Наконец этот роковой день наступил. Это было 16 декабря. Императорская семья собралась одетая в строго официальные костюмы, когда вошла императрица в простом белом платье, полностью лишенном украшений. Она была бледна, но спокойна и облокачивалась на руку королевы Гортензии, которая была такой же бледной, но находилась в состоянии гораздо большего волнения, чем ее августейшая мать. Принц де Богарне стоял рядом с императором и так сильно дрожал всем телом, что казалось, он может упасть в любую минуту. Когда вошла императрица, граф Реньо де Сен-Жан д’Анжели зачитал документ о разводе.

Его прослушали в глубоком молчании, и каждое лицо выражало сильнейшие чувства участия и озабоченности. Императрица казалась более спокойной, чем все остальные, хотя слезы беспрестанно текли по ее лицу. Она сидела в кресле посреди салона, облокотившись на край стола, в то время как королева Гортензия стояла, всхлипывая, позади нее. Чтение документа закончилось, императрица встала, вытерла глаза и голосом почти твердым произнесла слова согласия, после чего села в кресло, взяла ручку у г-на Реньо де Сен-Жан д’Анжели и подписала документ. Затем она тут же удалилась.
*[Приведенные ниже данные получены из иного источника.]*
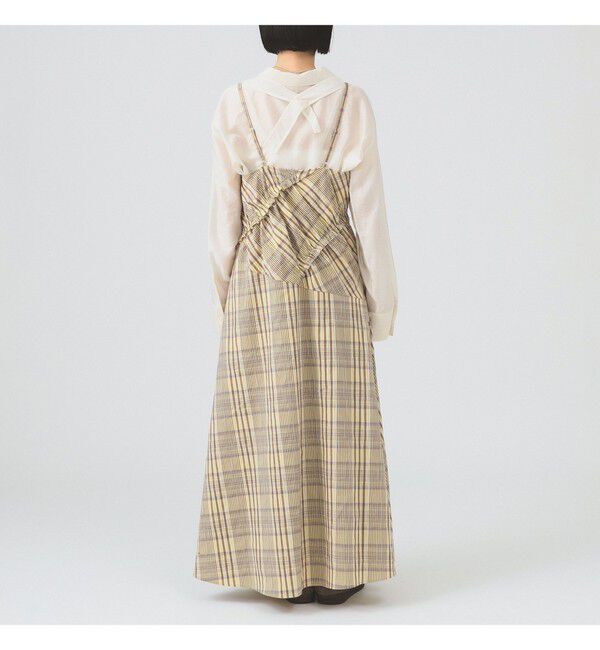 Ray BEAMS 「チェック キリカエ キャミ ワンピース」|ワンピース|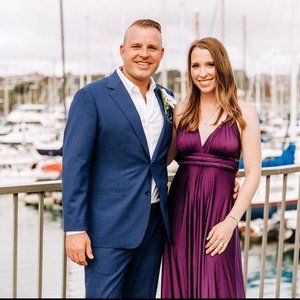 Lulus Convertible Purple Maxi Dress Size Small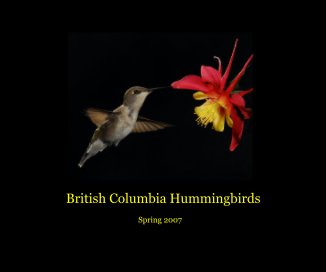 British Columbia Hummingbirds book cover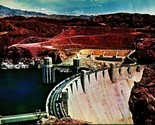 Hoover Dam Vue Clark Comté Nevada Nv Unp Chrome Carte Postale A10 - $4.04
Во время этой ужасной церемонии император не произнес ни слова, не сделал ни одного жеста, но стоял неподвижно, словно статуя. Почти безумным взглядом он уставился в одну точку и пребывал в полном молчании и в подавленном настроении весь день.

Вечером, когда он только лег спать, а я ждал его последних указаний, вдруг отворилась дверь и вошла императрица. Ее волосы были в полном беспорядке, а лицо выдавало сильнейшее волнение. Ее вид привел меня в ужас. Жозефина (отныне она стала просто Жозефиной), дрожа, как в лихорадке, подошла к императору, остановилась и, заливаясь слезами самым душераздирающим образом, упала на постель, обвив руками шею императора, а затем стала осыпать его самыми нежными и бурными ласками. Я не могу описать свои чувства при виде всего этого. Император также зарыдал, присел на постель и, прижав Жозефину к груди, стал говорить ей: «Успокойся, моя хорошая Жозефина, будь более разумной! Успокойся, мужайся, мужайся. Я всегда буду твоим другом». Рыдания сдавили горло императрицы, и она не могла отвечать; и тогда последовала молчаливая сцена, во время которой их слезы и рыдания слились воедино, и эта сцена сказала больше, чем самые нежные выражения.

Наконец его величество, придя в себя от этого краткого забвения, увидел, что я нахожусь в комнате, и сказал прерывающимся от слез голосом: «Выйди, Констан». Я подчинился и вышел в соседнюю комнату. Через час мимо меня прошла Жозефина, по-прежнему печальная и в слезах. Поравнявшись со мной, она доброжелательно кивнула мне. Я затем вернулся в спальню императора, чтобы, как обычно, погасить свет. Император лежал молча, так закрывшись одеялом, что нельзя было увидеть его лицо.

На следующее утро он не упомянул о ночном визите, но у него был страдающий и угнетенный вил, и из его груди исходили вздохи, которые он не мог подавить. В течение всего времени, пока одевался, он не разговаривал и, как только закончился туалет, сразу же ушел в свой кабинет.

Меневаль

Условия разводя

Брак Наполеона и императрицы Жозефины был аннулирован в соответствии с указом Сената.